Vito Schnabel Gallery is presenting Man Ray & Picabia, a historical exhibition that brings into dialogue seminal works by two early modern masters and legendary artists of the avant-garde. An intimate presentation, the exhibition focuses on only nine paintings that span the late 1920s to the mid-1950s – a careful selection designed to invite contemplation on the nature of artistic revolution. The canvases on view manifest Man Ray and Francis Picabia’s prodigious engagement with the medium of painting across multi-faceted careers marked by irreverence toward convention and an ability to cycle through the phases of modernism to arrive at exceptionally original results. This rare grouping includes paintings that have not been on display to the public for decades.
Man Ray & Picabia is accompanied by a fully illustrated catalogue featuring an essay by writer and Man Ray specialist Timothy Baum.
While Man Ray and Francis Picabia met in 1915 through their mutual friend Marcel Duchamp, the exhibition on view at Vito Schnabel Gallery proposes an imaginary dialogue, one that exposes surprising affinities through juxtapositions. Although only casually acquainted, these two giants of art shared a footing in the emergence of Dada a century ago, helping that movement along and ultimately synthesizing it into a radical rethinking of what art can contain, be, and do. In painting, each prevailed as a purveyor of bold, radical thought; each was in search of a distinctive, original form of expression. As Timothy Baum asserts, Man Ray and Picabia were “Dada brethren.”
Man Ray found his artistic beginnings as an ambitious young painter whose early canvases echoed the influence of the European avant-garde.
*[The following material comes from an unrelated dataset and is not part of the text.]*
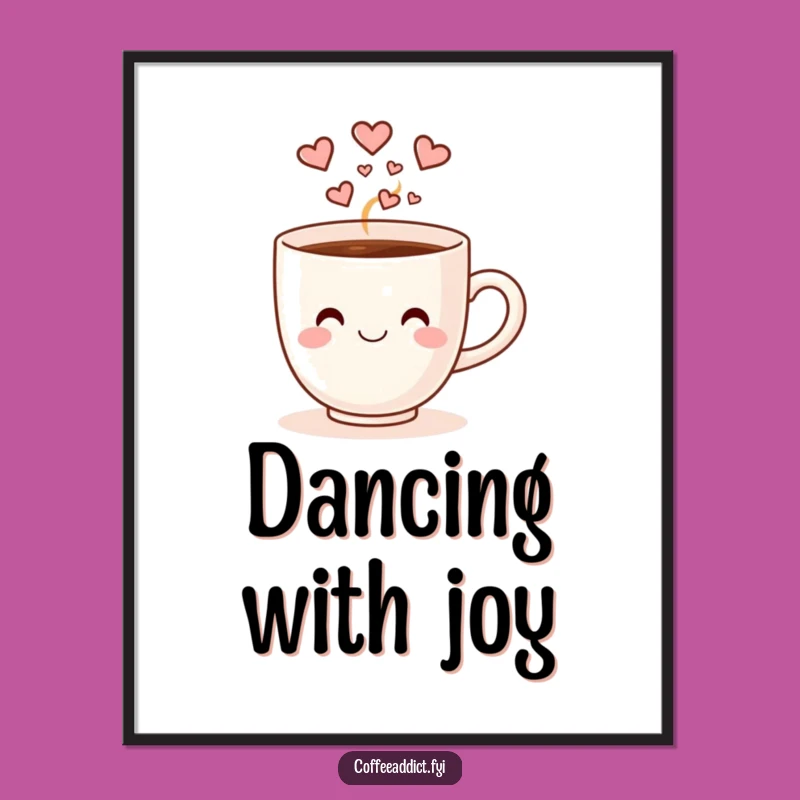 Funny Dancing Coffee Cup Digital Art: Heart Steam Printable Gift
Eager to merge objects of the observable world with the flat, pictorial space of two-dimensional representation, he was propelled by Dada to move from New York to Paris, proclaiming, ‘Dada cannot live in New York. All New York is Dada, and will not tolerate a rival.’ Picabia, who had already absorbed and discarded the styles of Impressionism and Cubism, found in Dada a provocative spirit that mirrored his own and incited an abrupt disjuncture that led to the thrilling aesthetic leaps of his mature career.